Dodgers' elimination brings end to Joe Torre having managed a team into playoffs 14 consecutive years
It wasn’t like he couldn’t see it coming. There was no surprise involved, no real room for melancholy.
But when the Dodgers were eliminated from playoff contention Tuesday, it snapped Joe Torre’s streak of having managed a team into the postseason for 14 consecutive years.
Torre ends tied with Bobby Cox (1991-2005) for the all-time major-league record.
"That’s pretty good company," Torre said.
Both managers, of course, are retiring after this season. Anyway, we’re pretty sure Torre is retiring.
Torre managed the Yankees to 12 consecutive postseason appearances, and the Dodgers to the last two.
"This year was very trying, it was frustrating," Torre said. "You know something like that is going to have to come to an end at some point. And unfortunately it was now."

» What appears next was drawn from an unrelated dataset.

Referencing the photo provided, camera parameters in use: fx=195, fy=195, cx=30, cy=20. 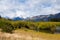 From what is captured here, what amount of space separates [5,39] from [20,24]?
7695cm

The Dodgers were 49-39 at the All-Star break and only two games back of the Padres in the National League West.
But the Dodgers have gone 24-39 since the break.
Torre said the first thing he will think of when he looks back on the season is simply how puzzling it was.
"Just the head-scratching," he said. "I think we were 12, 13 games over at one point this year [36-24]. It looked like we got through the question marks about how good our pitching could be.
"I must admit, though, when we left [spring training], I said, 'We’ll score runs.' And that certainly hasn’t been the case. The first half, we were up in the first four or five in the league in scoring runs. It just hit a wall."